Antes do portão, junto à cesta de ferro que abriga o lixo dos prédios, fotografias e folhas espalhadas pelo chão. Restos de uma sacola que se rompeu, provavelmente. Não me contive. Olhei para os lados, para a porta do prédio, portaria eletrônica e me decidi. Agachei e recolhi três documentos: uma mulher e uma criança sobre uma ponte, captadas de longe, sem pose, como flagradas por acaso. Era uma foto antiga, monocromática, daquelas quadradas com bordas picotadas. O segundo, meio cartão postal vindo da cidade de Bauru.


A caligrafia remeteu à da minha mãe. Cortado transversalmente, não me trazia toda a notícia. Contava ao irmão que estavam bem, que sentia uma alegria enorme: Fui campeão, e ganhei um filho homem. Manda abraços para a Neta e um trecho ilegível, assina Lima. O último documento, datado de 1990, não pela mesma caligrafia, é uma singela carta de Andreza para sua avó. Letras grandes espalhadas, diz que gosta muito dela e que ela é a sua segunda mãe, que só tem ela de avó e termina com um: Te adoro vovó. No canto inferior esquerdo, uma fileira de corações infantis para eternizar o afeto.


Entrei no carro, joguei os papéis no console e, por um instante, pensei em voltar., vasculhar mais fotos, mais cartas, seguir as migalhas daquela história antes que se perdesse para sempre. Mas não voltei. Por que motivo jogaram fora tantas recordações?

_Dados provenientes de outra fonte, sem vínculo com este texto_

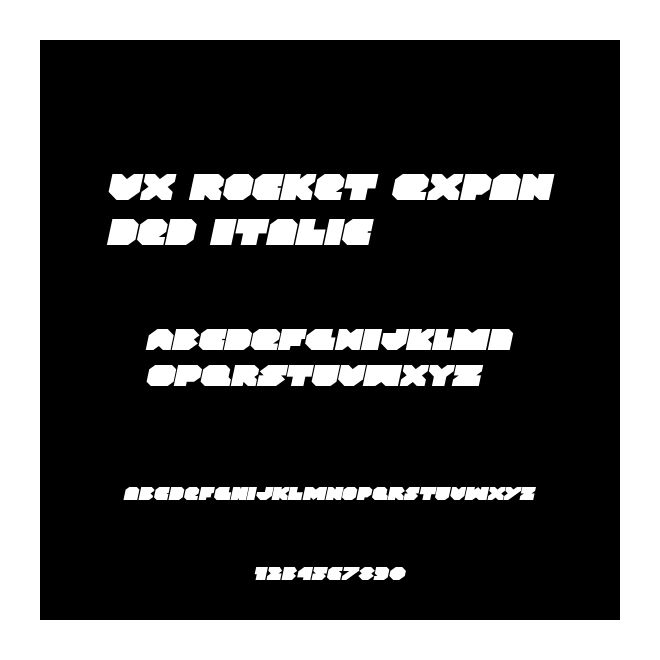 VX Rocket Expanded Italic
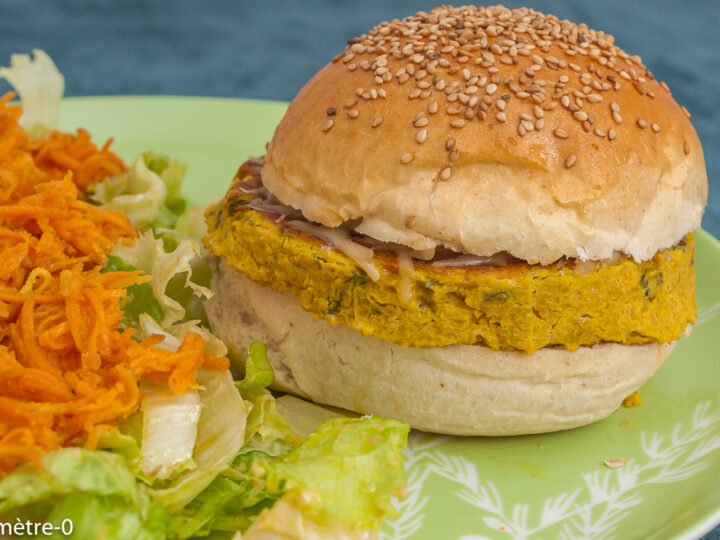 Burger aux pois chiches — étape 8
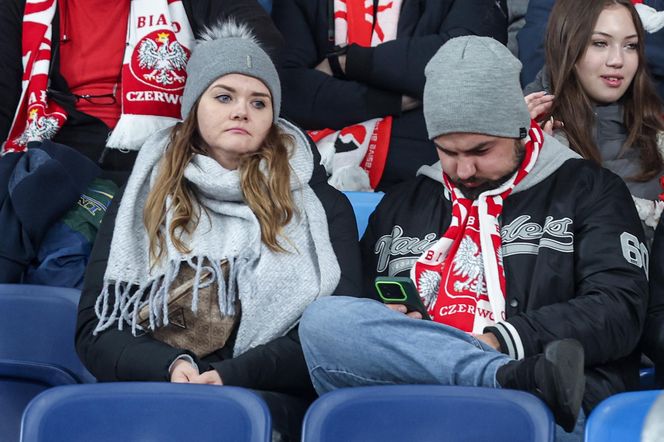 Kibice na meczu Polska -Nowa Zelandia na Stadionie Śląskim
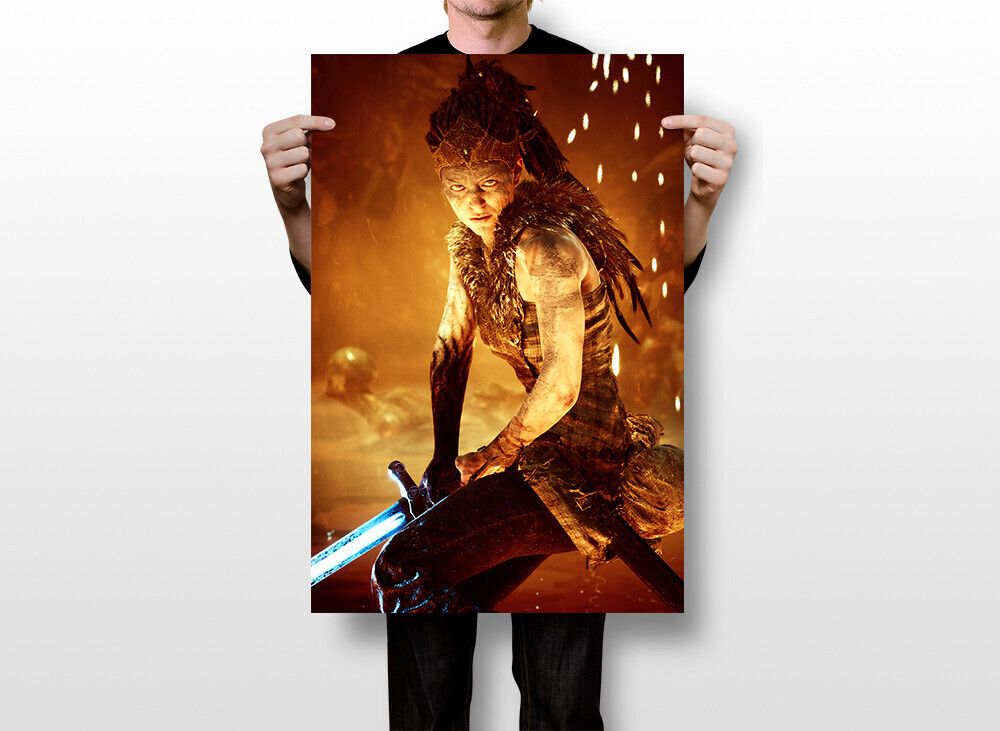 Hellblade Senua's Sacrifice Video Game Wall Art Home Decor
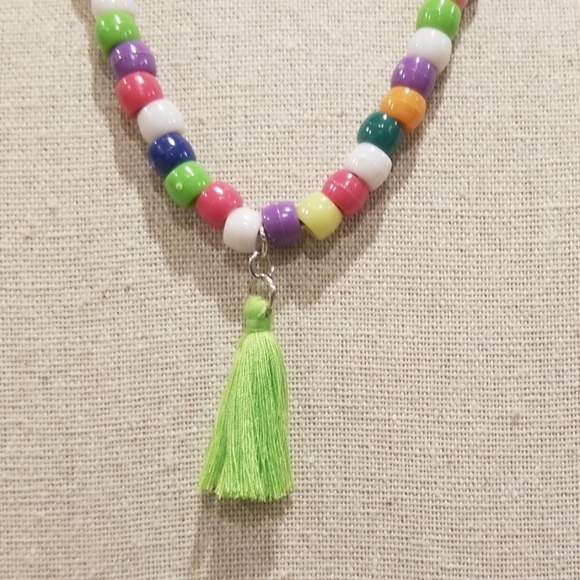 Multicolored Beaded Necklace - Picture 3 of 5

Fico pensando nos meus penduricalhos. São muitos, mas que fazem sentido só para mim. Quem vai querer guardá-los? Talvez, como aquelas fotos e cartas, acabem jogados num canto qualquer de calçada. E, se der sorte, um escritor os recolha. Se não tiver pressa, talvez virem uma crônica. Com muito tempo, quem sabe, um romance. E sempre, cobertos pela poeira dos dias.